Ogni anno perdiamo specie viventi che ci impoveriscono su tutti i fronti: la creazione “perde i pezzi” e quasi non ce ne rendiamo conto. Abbiamo la pretesa di dichiarare inutili alcune specie viventi di cui conosciamo poco o nulla. Ricordiamoci che c’è un rapporto tra i nostri stili di vita personali e quelli del mercato e quanto succede! Ma non basta la paura! Non è in nome della paura di una catastrofe futura che ci si converte, ma in nome di una passione per l’esistente. Il tema che avete messo al centro di queste vostre giornate – “Investi nel nostro pianeta” – ci deve vedere tutti assunti per un’opera di cura straordinaria, quella che Papa Francesco chiama conversione ecologica. A situazioni di eccezionale gravità non possiamo rispondere con la mediocrità del “faccio quello che posso” o “tanto va bene lo stesso” (variante dello sconsiderato “andrà tutto bene”, che può rassicurare i bambini ma non gli adulti!). Dobbiamo fare ciò che serve e non è vero che va bene lo stesso! Non ci è consentito dormire. Essere svegli vuol dire ascoltare l’allarme e decidere, non rimandare, prendersi delle responsabilità. In un mondo finito non possiamo illuderci di sfruttare risorse infinite. La strada della condivisione è il nostro bene. Non c’è altro futuro! Non fare niente è togliere tutto a chi viene dopo di noi. La sobrietà non è lo stile di chi vive con il freno a mano tirato, ma il dono di chi ha capito che le nostre vite sono intrecciate a quelle di tutti gli esseri viventi. Davvero di meno è di più.

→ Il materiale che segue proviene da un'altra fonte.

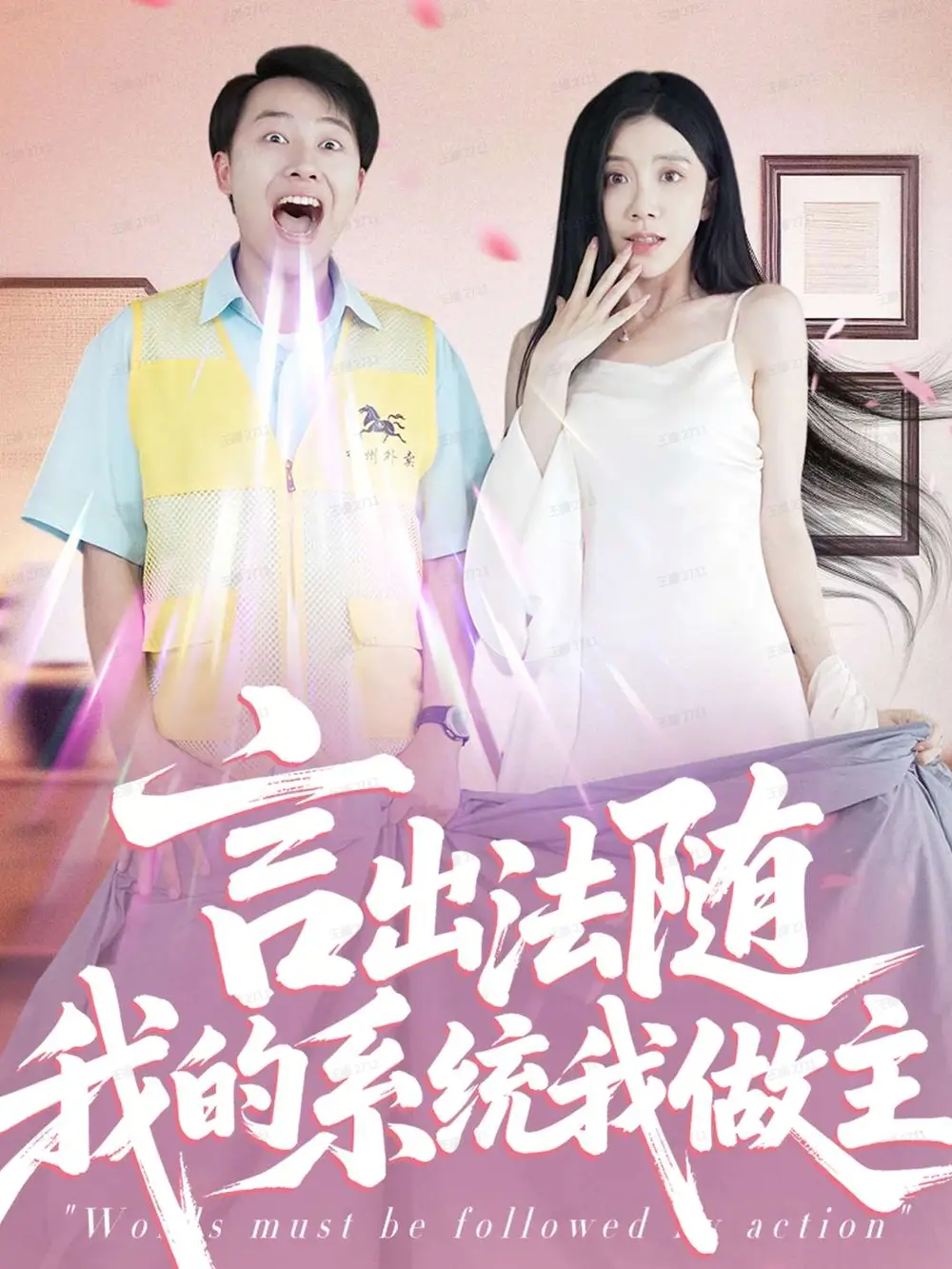 言出法随我的系统我做主(88集)常欣高清海报图片 言出法随我的系统我做主(88集)常欣海报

E l’impegno per la cura del creato sia sempre unito a un’effettiva solidarietà con i più poveri: “Occorre sentire nuovamente che abbiamo bisogno gli uni degli altri, che abbiamo una responsabilità verso gli altri e verso il mondo, che vale la pena di essere buoni e onesti. Già troppo a lungo siamo stati nel degrado morale, prendendoci gioco dell’etica, della bontà, della fede, dell’onestà, ed è arrivato il momento di riconoscere che questa allegra superficialità ci è servita a poco. Tale distruzione di ogni fondamento della vita sociale finisce col metterci l’uno contro l’altro per difendere i propri interessi, provoca il sorgere di nuove forme di violenza e crudeltà e impedisce lo sviluppo di una vera cultura della cura dell’ambiente” (LS 229). Non accodiamoci alla schiera dei pessimisti di professione, ma arruoliamoci tra gli artigiani della cura. La sobrietà è il primo passo per guadagnare la meta di un pianeta a misura d’uomo e di ogni creatura. È il dono del Padre Creatore. Solo così potremo rendere di nuovo la terra il giardino che Dio ci ha affidato.